Japón salió derrotado y ocupado de la II Guerra Mundial. El Imperio colonial japonés había sido breve, pero había entrado en conflicto con numerosos Estados y dejaba tras su caída un mapa con importantes disputas territoriales entre la potencia asiática y los países de su entorno.
En 1951, el Tratado de San Francisco, o Tratado de Paz con Japón, cerró el capítulo de las Guerras Mundiales, estableciendo la retirada de la ocupación aliada sobre la mayor parte de Japón (las islas Ryukyu continuaron parcialmente ocupadas hasta 1972) y el desmantelamiento de los territorios de ultramar japonés, reconociendo la renuncia nipona sobre Corea, Formosa (Taiwán) y las islas de Pescadores, Hong Kong, las islas Kuriles, Sajalín, las islas Spatly, la Antártida y los derechos del Protocolo Bóxer de 1901 sobre China.
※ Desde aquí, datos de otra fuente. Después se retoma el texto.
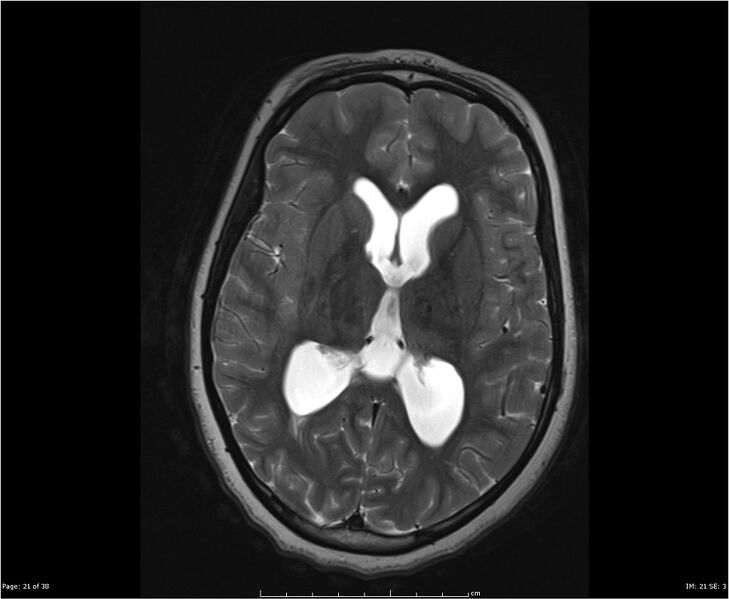 File:Brainstem glioma (Radiopaedia 21819-21775 Axial T2 21).jpg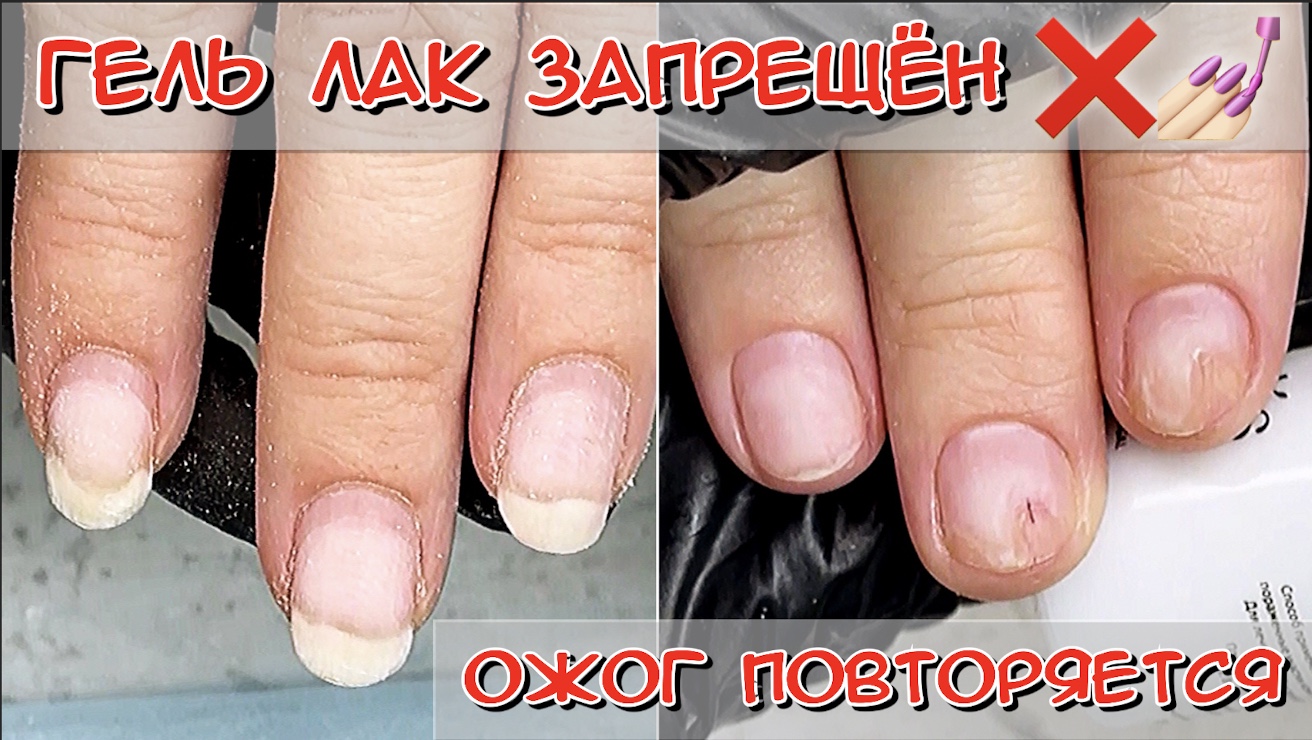 Литеральный онихолизис. Онихолизис синегнойная палочка. Онихолизис боковых стенок. Онихолизис ногтей можно ли гель лак. Онихолизис ногтей лекарство.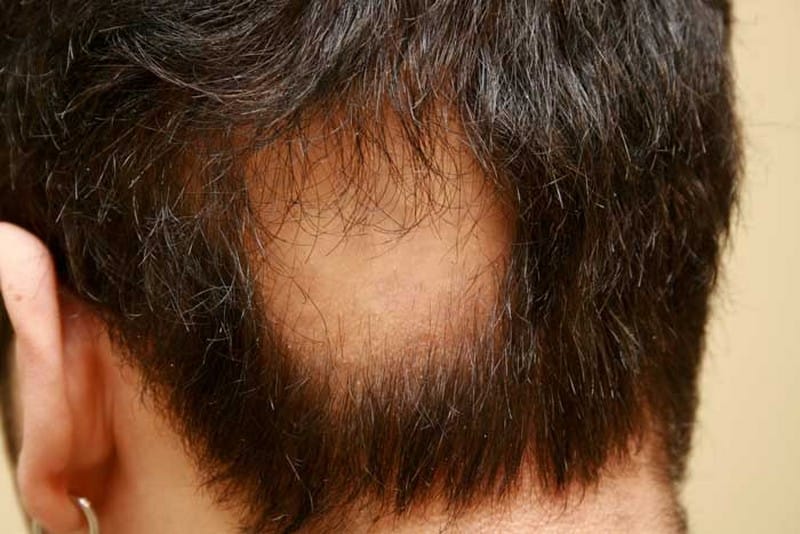Alopecia Areata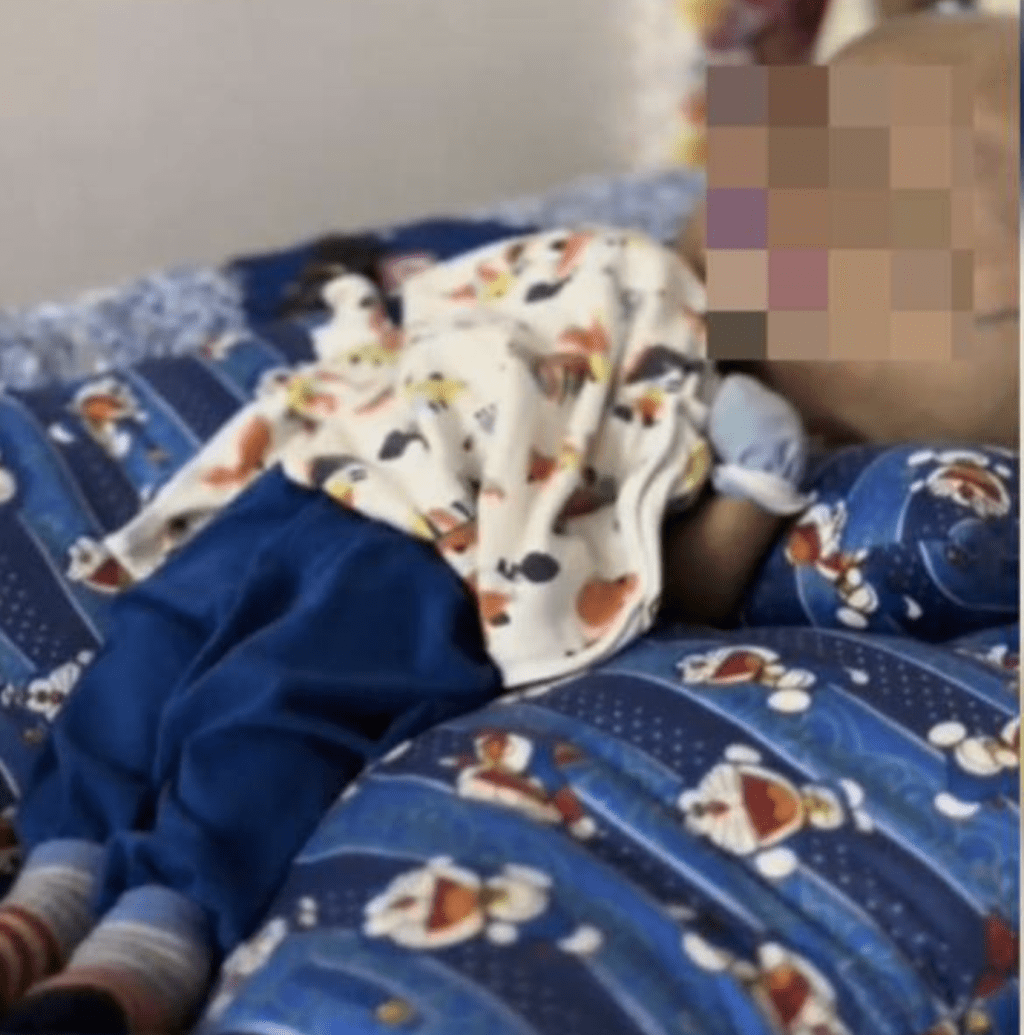 马来西亚3岁男婴莫哈末比拉患上无叶前脑无裂畸形症（Alobar Holoprosencephaly），头部重达28公斤，无法正常坐立。
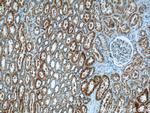 CA7 Antibody in Immunohistochemistry (Paraffin) (IHC (P))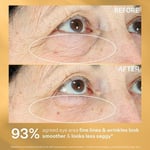 StriVectin TL HYPERLIFT EYE INSTANT EYE FIX 10 ml 1 Paket (1 x 1 Adet)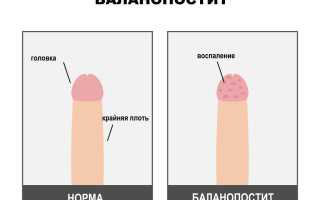 Как лечить кандидозный бланопостит у мужчин?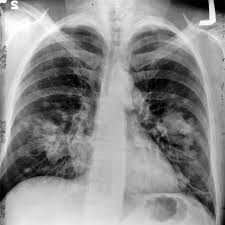  Akciğer kanserine dikkat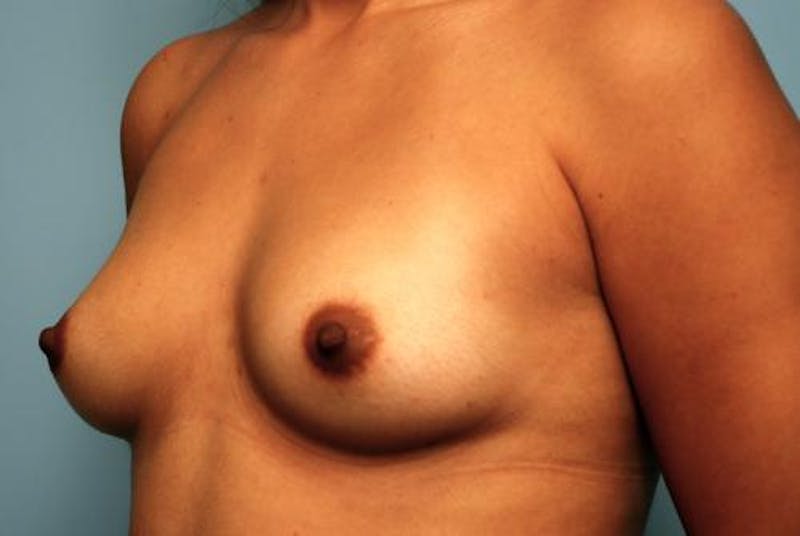 Breast Augmentation Before & After Gallery - Patient 280431 - Image 7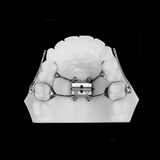 Несъёмный ортодонтический аппарат с опорой на мини винты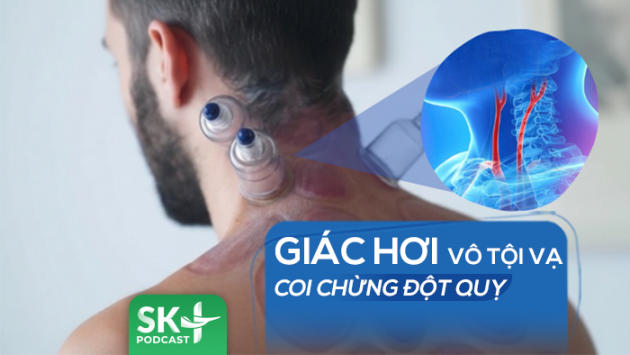 Podcast: Giác hơi vô tội vạ, coi chừng đột quỵ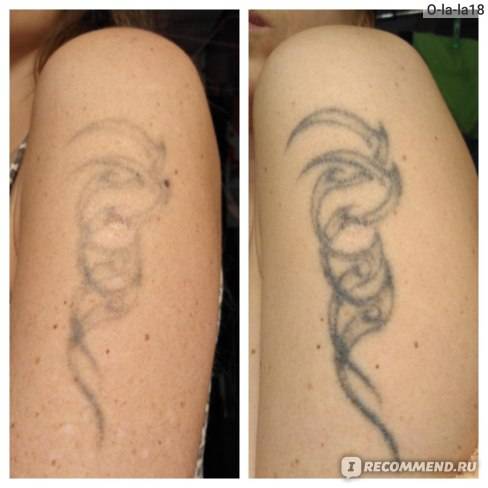 Удаление тату возможно без шрамов - как свести татуировку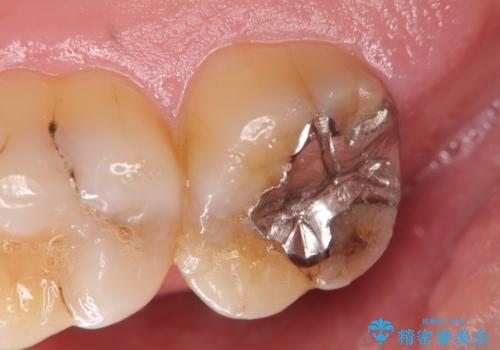 銀歯の劣化・セラミックインレー修復の症例 治療前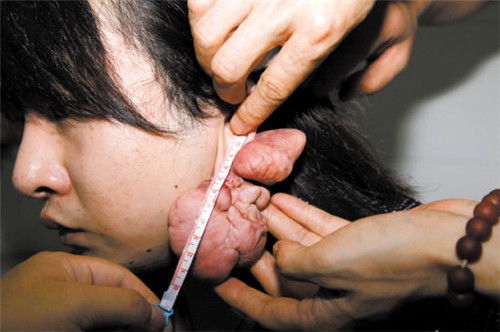 注意事項,穿耳洞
Japón quedaba convertido por la fuerza en un país pacifista que solo podía mantener fuerzas armadas para la defensa propia, y sobre el papel, en un país sin disputas territoriales, aunque algunos vacíos en el mapa dibujado durante el Tratado de San Francisco han permitido al país mantener tres grandes disputas territoriales con sus vecinos.